Page MenuHomePhabricator

Logging needs an index to optimize searching by log_title
Open, LowPublic

Description

When trying to create a page that has been previously deleted, a message is shown to the user to remind that it was deleted before. That information is retrieved from the logging table, by matching the title.

Currently, there is no index for the log_title field in that table, hence the query is slow. We would like a new index on log_namespace, log_title to allow for such queries to be efficient.


  • Use case: When opening the edit page for a title to create the page, a log extract may be shown of delete log actions.
  • Source code:
    • EditPage::showIntro,
    • LogEventsList::showLogExtract( …, [ 'delete', 'move' ], [ 'lim' => 10, 'conds' => 'log_action != "revision"' ])
    • LogPager::getQueryInfo

Details

Reference
bz66961

Event Timeline

bzimport raised the priority of this task from to Normal.Nov 22 2014, 3:31 AM
bzimport set Reference to bz66961.
bzimport added a subscriber: Unknown Object (MLST).
Huji created this task.Jun 23 2014, 1:57 AM
hoo added a comment.Jun 23 2014, 2:56 AM

What's actually needed over here is (log_namespace, log_title, log_type), see query at the bottom of https://gerrit.wikimedia.org/r/#/c/139103/3/AbuseFilterVariableHolder.php

Not sure we really want that for only this feature, but Huji mentioned other code paths also running a similar query.

Huji added a comment.Jun 23 2014, 12:55 PM

To be politically correct:

In EditPage.php at the very end of showIntro() function you will find a call to LogEventsList::showLogExtract() which is how the message on top of the page is created). LogEventsList::showLogExtract() itself is defined in includes/logging/LogEventsList.php and uses the getBody() function of LogPager to get a list of 50 recent delete log entries for that page and in the end, it is the doQuery() function of Pager class which actually runs the query. If you follow this path you will notice that the query will be run on log_namespace, log_title and log_type fields.

The example queries I've seen so far always use both log_namespace and log_title which means the page_time index can be used partially:

KEY page_time (log_namespace, log_title, log_timestamp)

Using enwiki pages with 100000+ log entries the queries take ~1s on warm data. Not terrible, though the number of Handler% calls is directly proportional to the number of log entries which isn't great for long term scalability.

So tentative +1 to this bug.

I've been trialing the following index on enwiki slaves for a few months:

KEY log_title_type_time (log_title(16), log_type, log_timestamp)
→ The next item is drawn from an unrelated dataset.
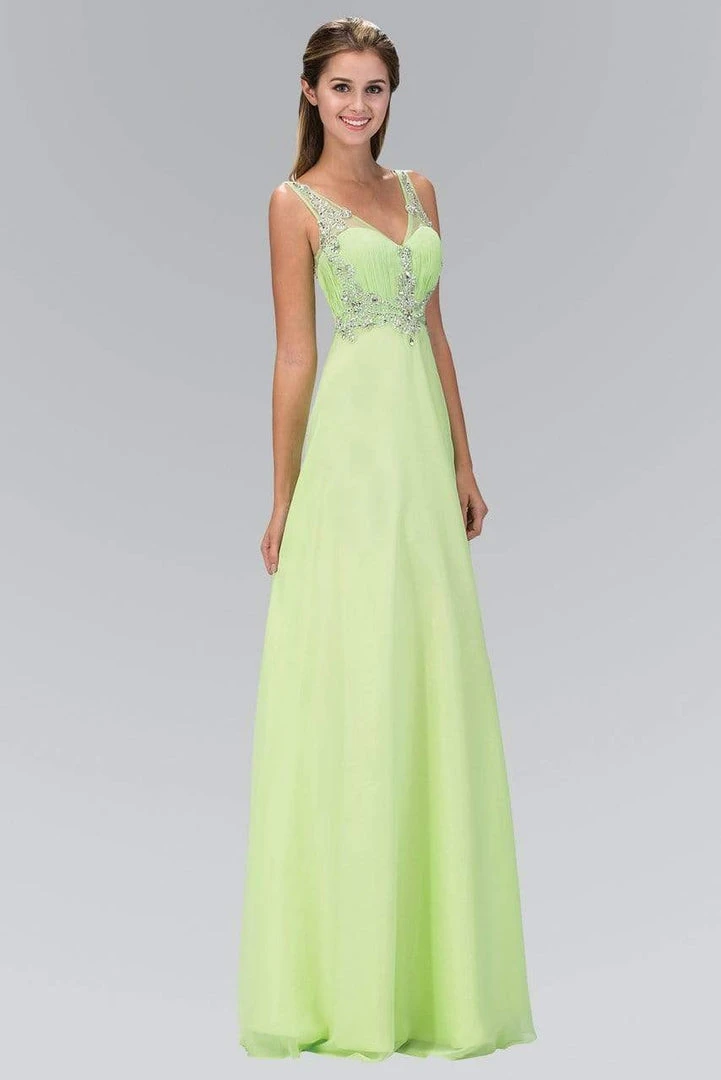 Elizabeth K - GL1073 Adorned V-Neck Illusion A-Line Gown Formal Gowns 3 Elizabeth K - GL1073 Adorned V-Neck Illusion A-Line Gown Formal Gowns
It sees quite a bit of use in general, and is used in favour of page_time for counting page deletes in the larger namespaces like 10 and 828. We should investigate how it compares to (log_namespace, log_title, log_type); the latter is probably better but might service fewer queries overall as well as encroach on page_time.

Huji added a comment.Dec 8 2014, 4:13 PM

Springle, did you conduct any evaluations on this one? There are very few people who can do that, so gaining momentum on this bug is hard.
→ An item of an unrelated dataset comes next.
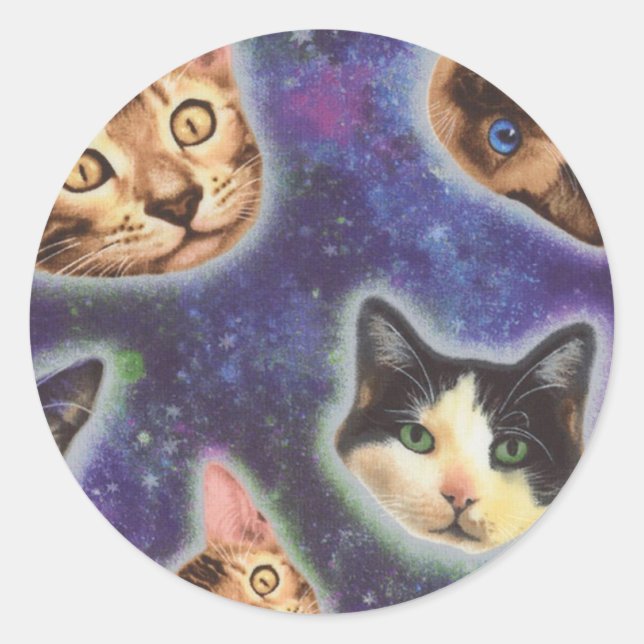 Adesivo Rostos de gatos com várias raças e padrões (Frente)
Info: showLogExtract used a bloom cache to cache possible empty results since https://gerrit.wikimedia.org/r/#/c/170441/ to avoid a slow query.
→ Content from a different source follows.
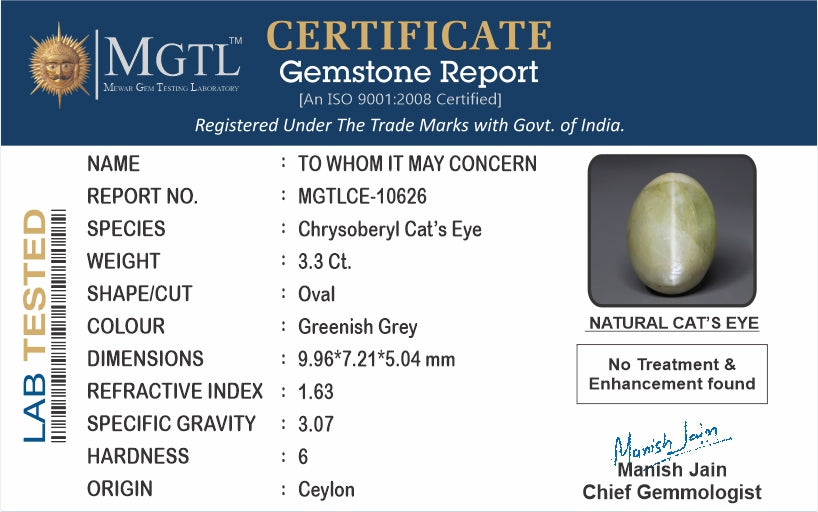 Cats Eye (Lehsunia) - 3.30 Carats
@Springle and @Umherirrender I want to resuscitate this task. Can you continue to support this case, or would you like me to get other people involved (and who?)

Huji renamed this task from Logging needs a log_title index to Logging needs an index to optimize searching by log_title.Feb 15 2017, 4:05 PM
Huji added projects: DBA, Wikimedia-Rdbms.
Huji added a project: Performance-Team.
Gilles moved this task from Inbox to Radar on the Performance-Team board.Feb 15 2017, 8:49 PM

I can not say anything about the task, my comment was just a info, that the missing index is not at high priority, because it has a workaround.

jcrespo lowered the priority of this task from Normal to Low.Feb 16 2017, 7:11 PM
jcrespo added a subscriber: jcrespo.

Based on the comments, I am going to lower the priority of this, without trying to abort any ongoing work on this.

@Umherirrender may I asked what workaround you are talking about? The BloomCache workaround is not possible (all BloomCache related code was later removed as it was only experimental); and the use of partial index page_time that @Springle mentioned above doesn't seem to be sufficient.

Huji added a comment.Mar 1 2017, 3:53 PM

@jcrespo can you point me out to the part of the code that skips showing the edit log when the user is anonymous and more then X time has passed since deletion? we might be able to re-use some of that logic in https://phabricator.wikimedia.org/T22892 by skipping the query altogether when a page has no logs.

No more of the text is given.